R.K. April 25, 2008 at 10:18 am

It’s good to see photos here again.

Tristan April 25, 2008 at 12:25 pm

Taking for granted that climate change is not going to be averted, that it’s a utopian dream that we could continue to live in a not drastically unchanged world, what do we do?

Milan April 25, 2008 at 12:33 pm

Tristan,

If you accept that, you need to think about the next threshold – the point at which climate change becomes self-sustaining and unstoppable.

Where that lies is very hard to know, not least because of positive feedbacks. Just yesterday, a study reported that the beetle kill in B.C. will produce over 900 megatonnes of CO2 by 2020. That will be about 10% of total Canadian emissions across that time.

Just think what would happen if the permafrost melted, the boreal forest was partly killed by beetles, or the Amazon dried out and burned.

Anon April 25, 2008 at 2:44 pm

It is hard to imagine anything short of a catastrophe providing the necessary motive force

A lot can change over the course of a few decades. While it might seem like a far stretch to achieve all those steps on the basis of today’s politics, we have every reason to hope that the need will be widely accepted in a decade or two.

Emily April 25, 2008 at 4:54 pm

That photo is terrifying! Something to do with the dripping blood red and the slashes in the steel. That being said, I am beginning to think that graffiti is truly the most genuine, and maybe ‘highest’ form of art that we are seeing on the contemporary art scene.

Mainly because the artist is at some level putting him or herself at a risk to communicate a political message. It’s also a really challenging medium, and there’s some really spectacular works of graffiti out and about.

You capture a really interesting angle on that graffiti. It’s offensive to the point where it makes me jump a little. That’s pretty awesome.

Tristan April 25, 2008 at 5:01 pm

I don’t mean what do we do as citizens. I mean, what do we do as humans who have their most immediate duties to themselves, family, friends. What should “we” do?

Hording rice and lentils seems like an appealing proposition.

. April 27, 2008 at 3:45 pm

The thing you really never hear
Posted by David Roberts at 10:34 AM on 27 Apr 2008

This column from Newsweek editor Evan Thomas is largely a witless recitation of conventional wisdom, but it does raise one point I want to make.

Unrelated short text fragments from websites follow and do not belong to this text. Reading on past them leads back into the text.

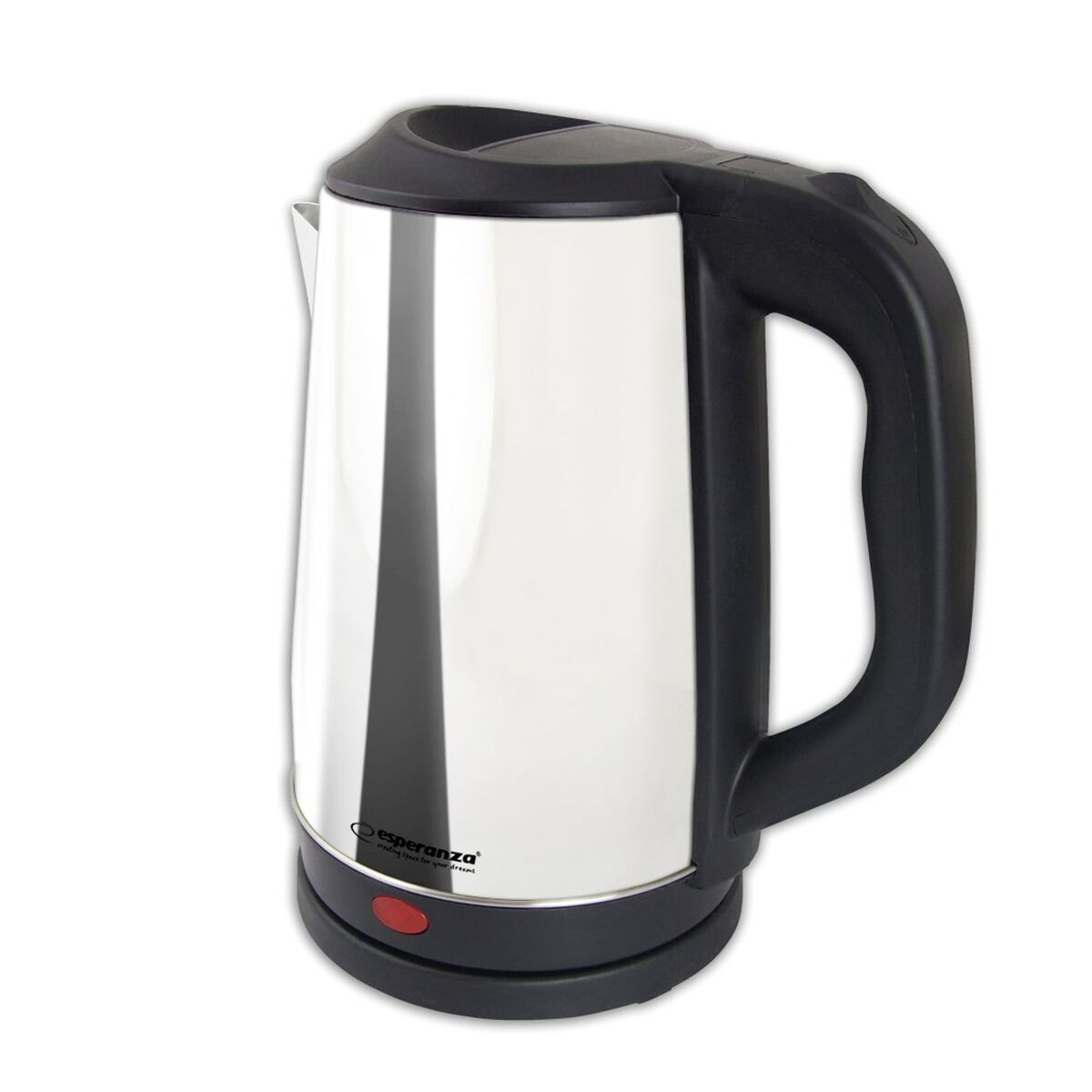Vattenkokare Esperanza EKK036S  Silvrig Rostfritt stål 2200 W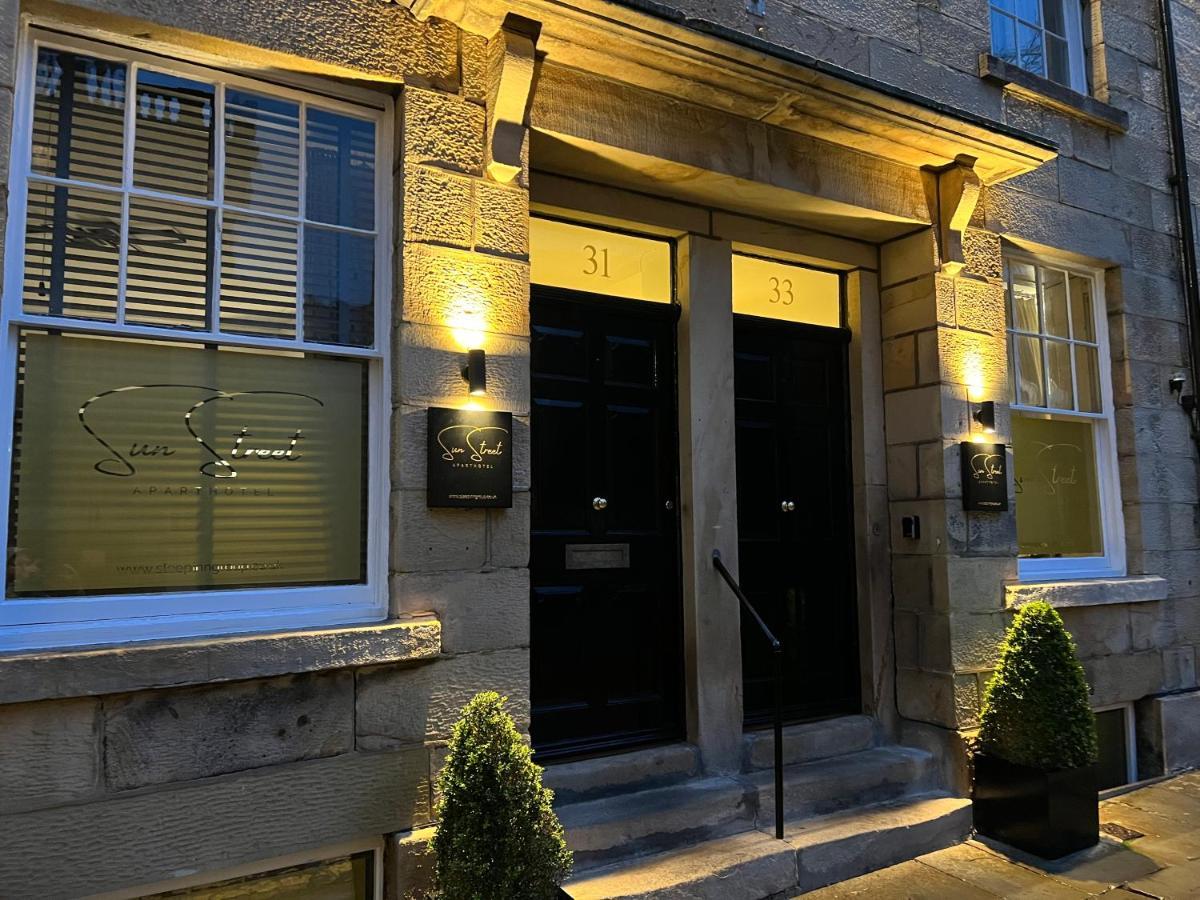 Sun Street Aparthotel Lancaster Exterior foto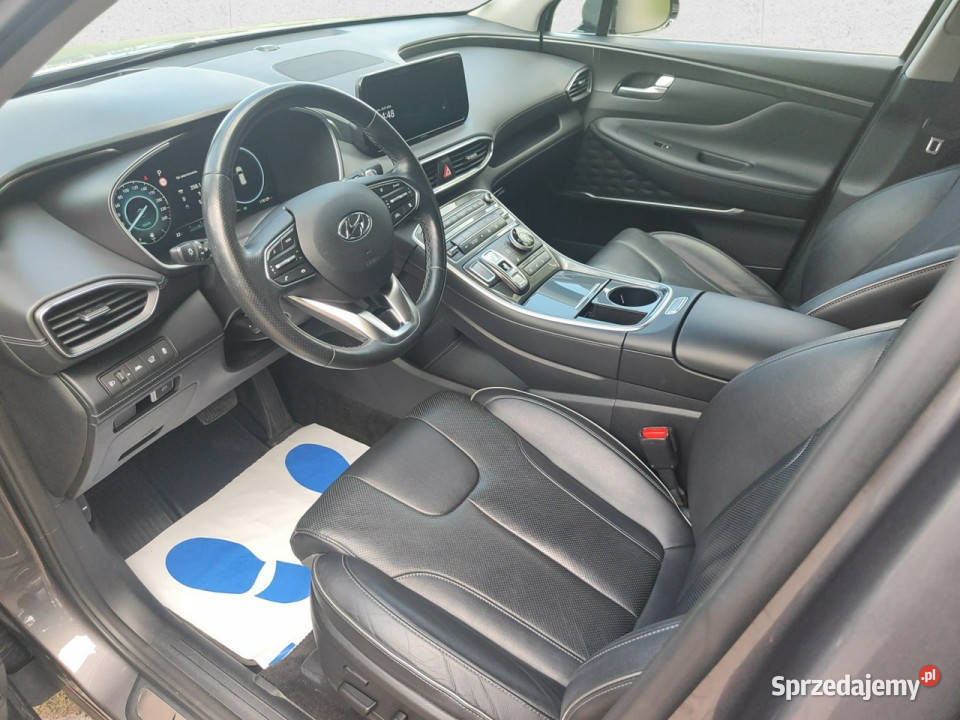 Hyundai Santa Fe 16 TGDI PHEV Platinum 4WD Z nieuszkodzony mazowieckie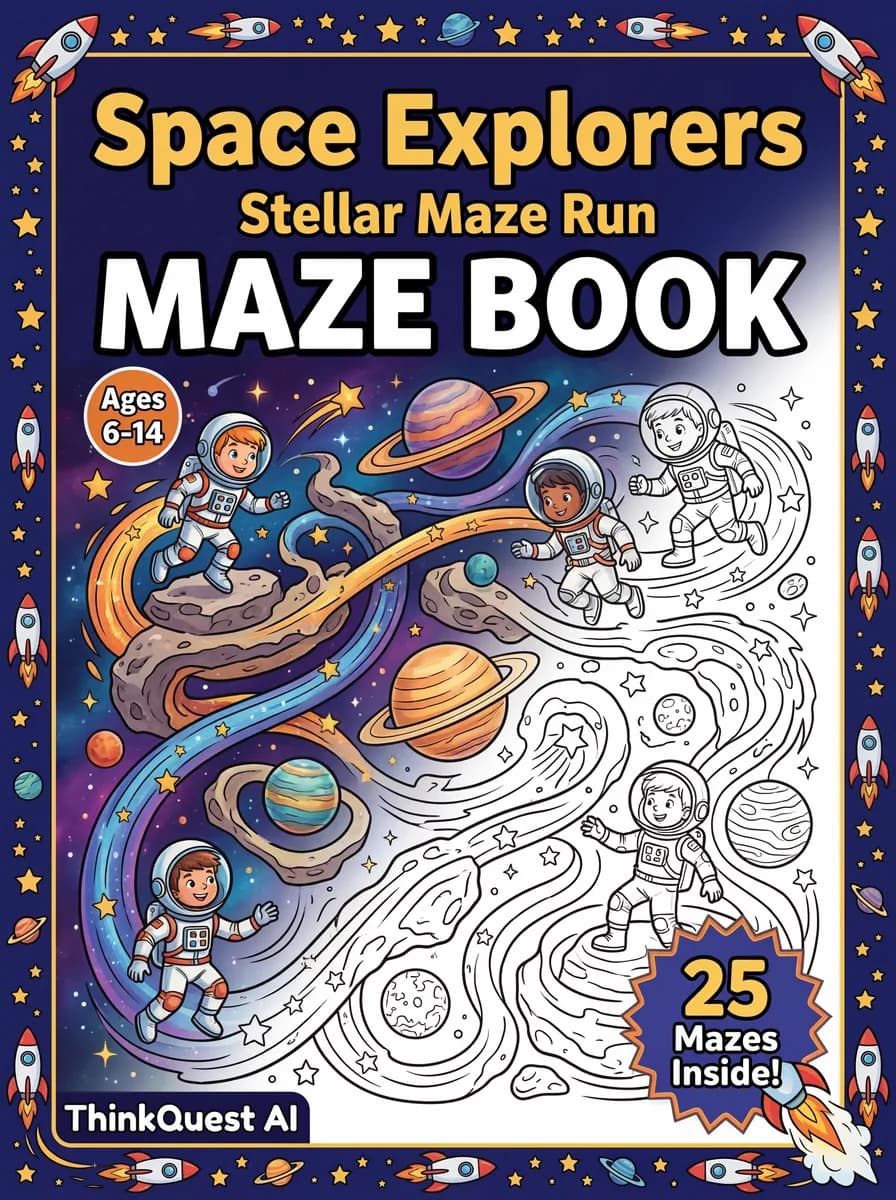 Space Explorers: Stellar Maze Run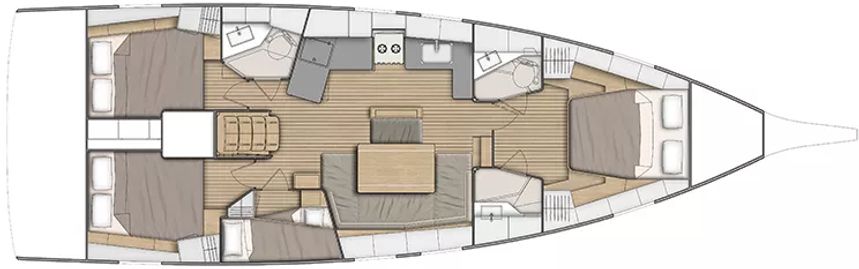 Beneteau Oceanis 46.1 | Zeppelin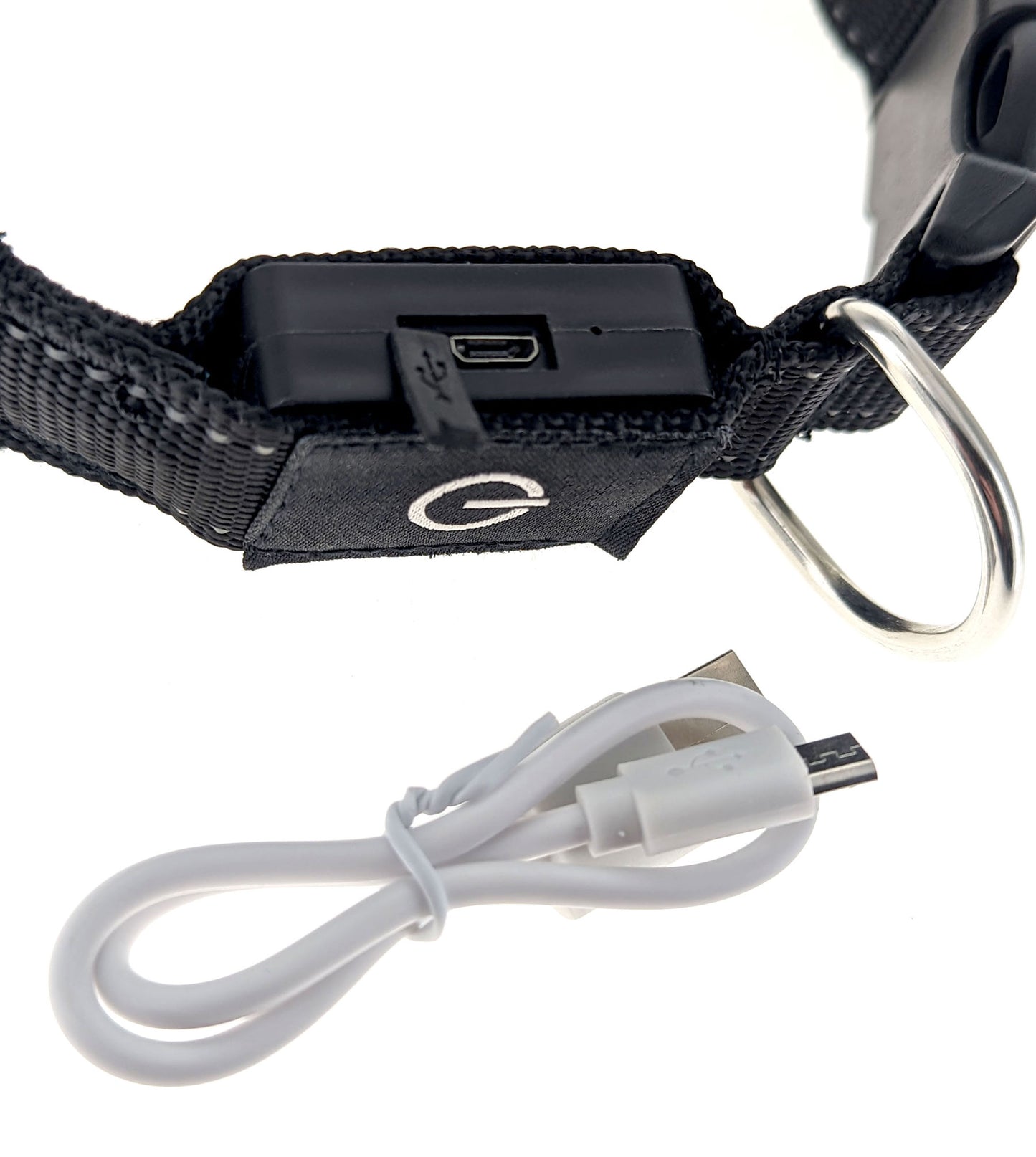 Illuminated Heavy-Duty Rechargeable Collar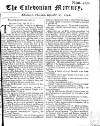 Caledonian Mercury Thu 25 Sep 1746 Page 1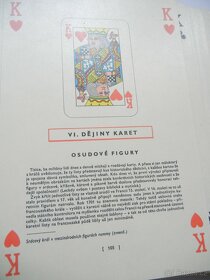 Kniha Hráči, karty, karetní hry 2. díl, 1969 - 4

It seems to me that every mainstream media figure in the world is out there saying a) tackling global warming is going to be horrendously expensive, involving great sacrifice and hardship on the part of ordinary families, and b) no one else has the courage to say A.

But obviously everybody has the courage to say it. It’s conventional wisdom. Like the “courageous” but equally false notion that Social Security is in crisis, it’s one of these talismans Beltway types brandish at one another to vouchsafe their status as Serious People. It could not be a more safe, predictable theme.

What you almost never hear about is the horrendous costs that will come if we don’t tackle global warming — the rapidly spiraling costs of the status quo. That, not stasis, is the real alternative. When will someone in Thomas’ cozy position start talking about that? It might even make for a column worth reading.

. April 29, 2008 at 12:41 pm

Earth Day preachin’
By caring for God’s creatures, we avert a second flood
Posted by Ken Ward (Guest Contributor) at 7:18 AM on 29 Apr 2008

Hansen sketches a solution of appropriate scale: immediate halt to burning coal; crash Marshall program to replace it with renewables; limit oil and gas use to known, economically viable reserves; full-scale reforestation and adoption of carbon-storing agricultural practices.

Nothing that we are doing, nor even seriously contemplating, comes anywhere near such massive a transformation, yet every actor on the political stage — including major environmental organizations, “green” corporations, and presidential candidates of both major parties — downplay the terrible realities and trumpet small-scale solutions wrapped in upbeat rhetoric.

Milan April 29, 2008 at 12:43 pm

I don’t mean what do we do as citizens. I mean, what do we do as humans who have their most immediate duties to themselves, family, friends. What should “we” do?

Hording rice and lentils seems like an appealing proposition.

Hoarding implies a temporary situation. If you are really serious, you should buy land in an area that is likely to be affected relatively little by climate change (probably near the equator at moderate altitude) and learn to grow a wide range of staple foods there.

Milan April 29, 2008 at 12:45 pm

You capture a really interesting angle on that graffiti. It’s offensive to the point where it makes me jump a little. That’s pretty awesome.

Thanks. I quite enjoy photographic graffiti. Some of it is made with a great deal of skill.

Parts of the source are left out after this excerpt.